La beauté extérieure de l’œuvre se présentait pour lui comme un appât pour nous attirer et nous élever vers une beauté supérieure, une beauté incréée. Cette « beauté qui sauvera le monde », dont parlait Dostoïevski. Il nous a aidés à comprendre que l’art n’est qu’épiphanique. A peine esquissée, la clarté que l’on perçoit renvoie à une source lumineuse qui l’explique. Lui qui avait -selon ses mots- « horreur du copinage entre les comédiens », et se méfiait du show business et du star system, bannissait la vacuité des modes. Si le spectateur s’arrête à l’image, s’il la retient en se fixant sur elle, il en devient l’otage. Il devient idolâtre. La vocation de l’artiste, selon Michaël, est simplement de faire signe et de mettre en mouvement vers un au-delà de l’œuvre. Celle-ci s’efface dans le mystère qu’elle ébauche. Comme l’écrivait la philosophe Simone Weil: «La beauté séduit la chair pour obtenir sa permission de passer jusqu’à l’âme » (La pesanteur et la grâce).
Oui Michaël nous conduit à un art oblatif et qui porte une saveur pascale. L’achèvement de l’œuvre tient à ce que l’excès de lumière qu’elle porte ou des convictions qui l’habitent, appelle une ouverture à ce qui la dépasse.
Les philosophes antiques définissaient la beauté comme « la splendeur de la vérité ». Le peintre Matisse intuitionnait ce lien intime qui unit vérité et beauté lorsqu’il confessait :
« toute ma vie je n’ai eu qu’un souci, non pas faire beau, mais faire vrai. »
Une vérité qui n’est pas conceptuelle ou spéculative, mais que Michaël puisait dans les êtres ou dans les choses qu’il côtoyait, et qui avait pour arrière-fond le visage du Christ. Pour Michael, l’art n’avait pas seulement une fonction décorative ou divertissante, mais il avait pour tâche de rendre l’homme à lui-même à partir de sa source et de sa finalité, c’est-à-dire à partir de Dieu. Une telle perception de l’art refuse tout esthétisme.
Michaël n’était pas d’un côté chrétien et de l’autre artiste. Il était témoin et initiateur du Christ par et dans son art. Son attachement au Christ a été le creuset de sa vie et de sa création. Ses engagements successifs dans le festival Magnificat, la diaconie de la beauté, les groupes de prières et les sessions de Paray-le-Monial, soulignaient toujours son désir brûlant de témoigner de sa foi au travers de son talent.
En ce 1er octobre, l’Eglise célèbre Sainte Thérèse de l’Enfant-Jésus. « Ma sainte préférée », avouait Michaël. Coïncidence ou Providence ? Le comédien respecté qui eut la chance de travailler avec Beckett, Duras, Truffaut… ; qui était capable d’entrer et de nous faire entrer dans des personnages si différents les uns des autres en fonctionnant à l’improvisation et à l’instinct…, se retrouvait parfaitement dans des chemins de l’enfance spirituelle que la jeune carmélite avait défrichés à Lisieux.

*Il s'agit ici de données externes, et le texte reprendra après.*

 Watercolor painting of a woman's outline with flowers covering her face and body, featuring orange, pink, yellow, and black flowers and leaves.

Cette enfance spirituelle ne ressort point de l’infantilisme puéril, mais procède d’une capacité d’émerveillement qui caractérise l’esprit de celui ou celle qui découvre la nouveauté de la vie… Cet esprit d’enfance offrait à Michaël l’audace d’arraisonner les plateaux de tournage et les planches de la scène tout autant que de gravir les chemins pentus de la foi avec désinvolture, innocence, et une infinie curiosité.

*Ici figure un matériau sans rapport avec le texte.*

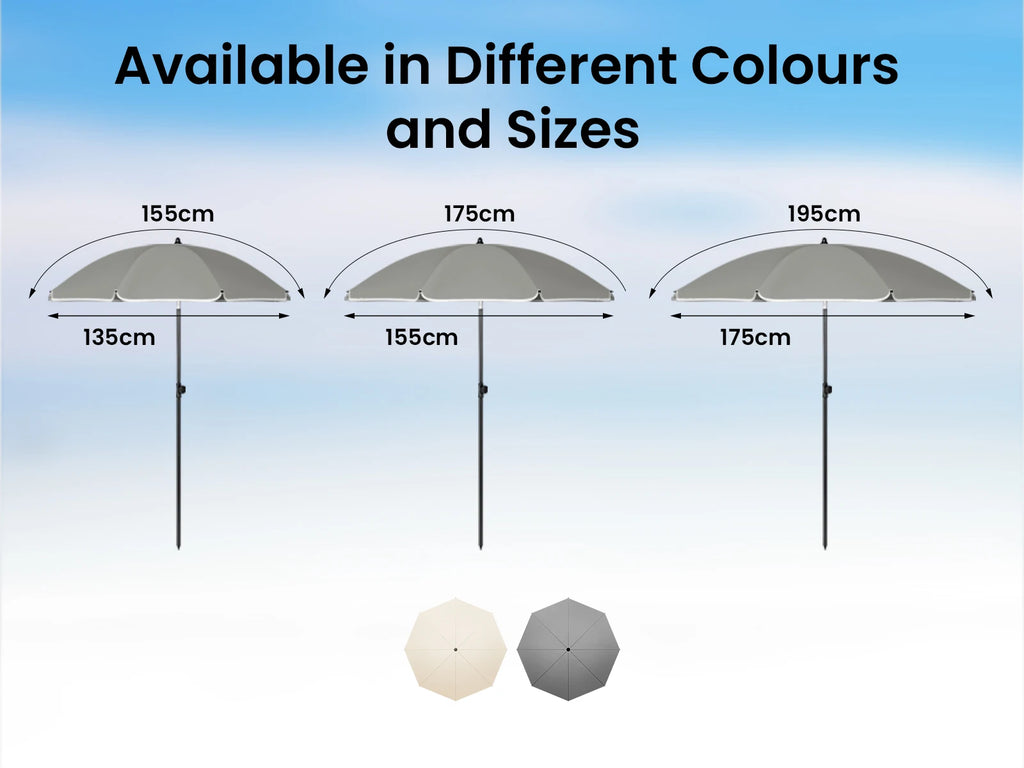 WOLTU Round Beach Balcony Umbrella UV-Resistant Waterproof Height-Adjustable 45°Bendable Parasol for Sun Protection Garden Patio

«Quand je me présenterai devant Dieu, c’est l’enfant que je fus qui me précédera. » écrivait Bernanos. « Dominique, je suis un grand enfant » me confiait encore Michaël lors de notre ultime tête-à-tête.
Chers amis, Michaël n’est plus devant nous. Il est en nous, dans notre mémoire et dans notre cœur. Il est surtout en Dieu. Celui qu’il a toujours cherché jusqu’au bout de lui-même, et parfois dans la nuit. Il fut sa passion. Il est désormais sa Paix.